Archive for June, 2015

The Surinamese Conundrum

Tuesday, June 9th, 2015

We are still three years from the 2018 World Cup, and with the shenanigans now affecting FIFA, we cannot even be certain that it will be staged as planned in Russia. However, we already have had one round of fixtures played in each of Asia and the CONCACAF federations, with a total 13 teams knocked out on the field of play. A further two (Zimbabwe and Indonesia) are suspended by FIFA and are unlikely to play any part in the competition.

As an aside, the reasons for these suspensions were perfectly good. It has been a surprise that Indonesia were not banned much earlier.

The second rounds are now underway in these two confederations. In Asia, they are group games, meaning that each team plays on until March next year. For CONCACAF, it is still a knock out competition with ten more teams losing their chance before the official qualifying draw takes place next month, (it is only then that the European teams know who their opponents will be).

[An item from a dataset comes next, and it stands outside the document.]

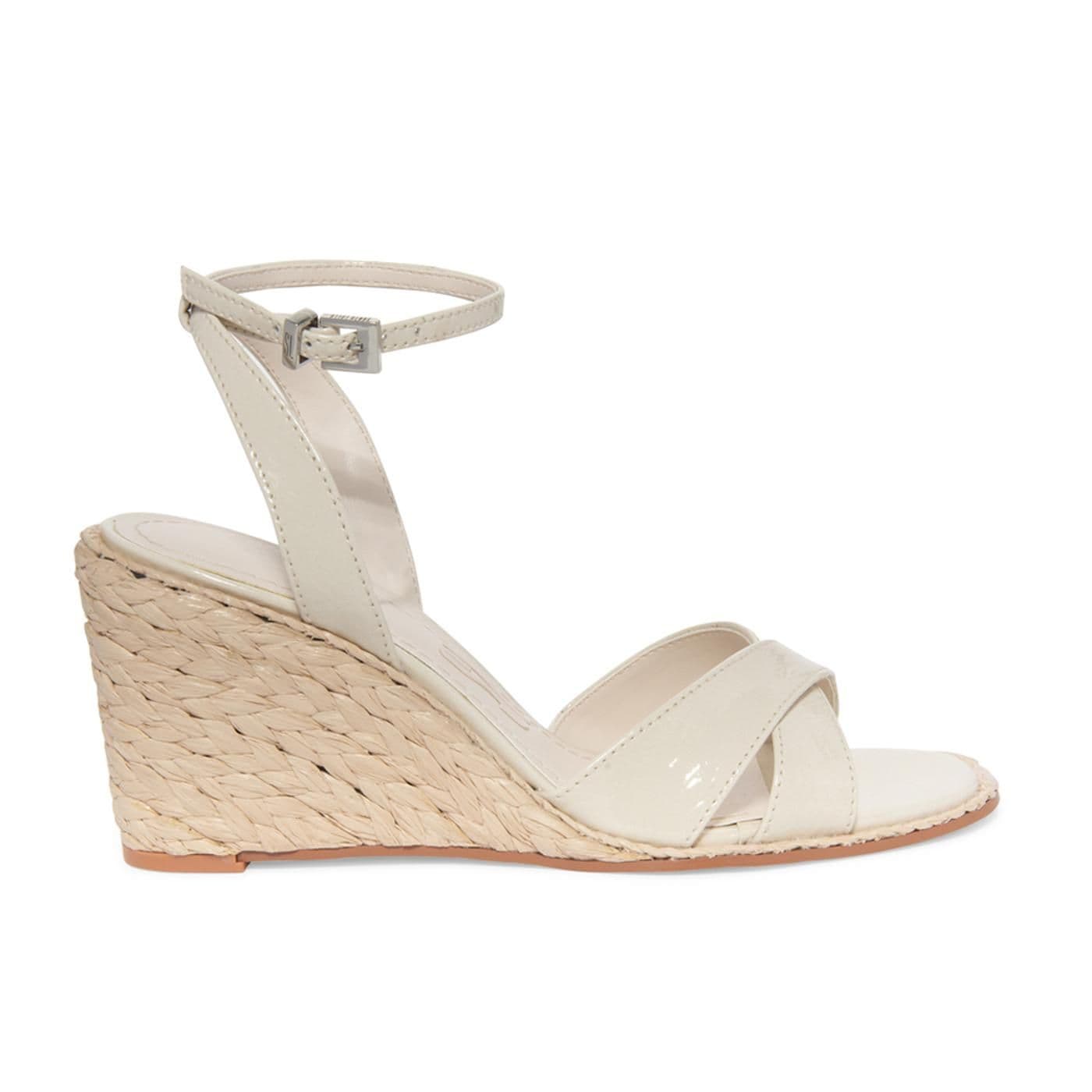 Sandalia 01AD.463E.0010.0056 off white image.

The first match in this round for CONCACAF took place in Nicaragua, where the home nation defeated Suriname by 1-0. This was not the biggest game in qualification. No one would expect either to get anywhere close to being included in the finals, and CONCACAF themselves have not even bothered to fill in the match stats. The home team started with 10 players from the local league, and one who played in Costa Rica. The away team was of similar nature, with the local players supplemented by one playing in Trinidad.

It could have been a lot different, Suriname may be ranked around 150 by FIFA, and may be a small country with a population not much over half a million. But it has produced a lot of footballers. Edgar Davids, Clarence Seedorf and Jimmy Floyd Hasselbaink were all born in Suriname, while Ruud Gullit, Frank Rijkaard and Patrick Kluivert are all sons of Surinamese émigrés.

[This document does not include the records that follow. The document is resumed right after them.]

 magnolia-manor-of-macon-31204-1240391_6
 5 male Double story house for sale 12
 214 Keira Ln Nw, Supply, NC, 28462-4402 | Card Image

In May, a team of players who all qualified to play for Suriname (under FIFA rules) played a game in Almere, Netherlands. Most of the players were from the Netherlands Professional Leagues, although also included were Lorenzo Davids (cousin of Edgar, playing in Denmark) and Nigel Hasselbaink (nephew of Jimmy Floyd, playing for Hamilton Academical).

Why do none of these play for the National team? It appears to be a matter of politics. For reasons best known to themselves, the Surinamese have decided not to play any player who is not a citizen of the country and holds a Surinamese passport. The law of the country prohibits the holding of dual citizenship, so players cannot hold both Suriname and Dutch passports.

Other countries play to FIFA rules which are more relaxed. The majority of the players in the Algerian National Team are French citizens.

There have been moves in Suriname to change the situation, with a move to allow for dual nationality. Even if passed, it may not make a difference. The Netherlands also has laws against dual nationality, with only a few exceptions permitted. A professional football player would not be granted an exemption from the rules, and would not want to give up the citizenship that allowed him to play professional football anywhere within the European Union.

Suriname can still choose to allow these players to play for them. They are qualified under FIFA rules, so it only takes local will to change the attitude and they can join those nations with players who first step foot in their “homeland” to play an international.

But then perhaps it does not matter. Suriname’s team of foreign professionals lost in Almere, to another team who use mainly players with Netherlands passports. In fact their opponents, Curacao are still a constituent part of the Netherlands. Curacao may use players from the Netherlands League, and may be coached by a famous footballing son, but no one is expecting to see them in Russia (or wherever the finals are held). And all the best players will still decide they are better off declaring for the Netherlands. The coach of Curacao was born in Amsterdam, but could have played for his mother’s home country, Curacao – or by FIFA rules for his father’s place of birth, Suriname. I have already mentioned his name, Patrick Kluivert won all of his 79 international caps for the Netherlands.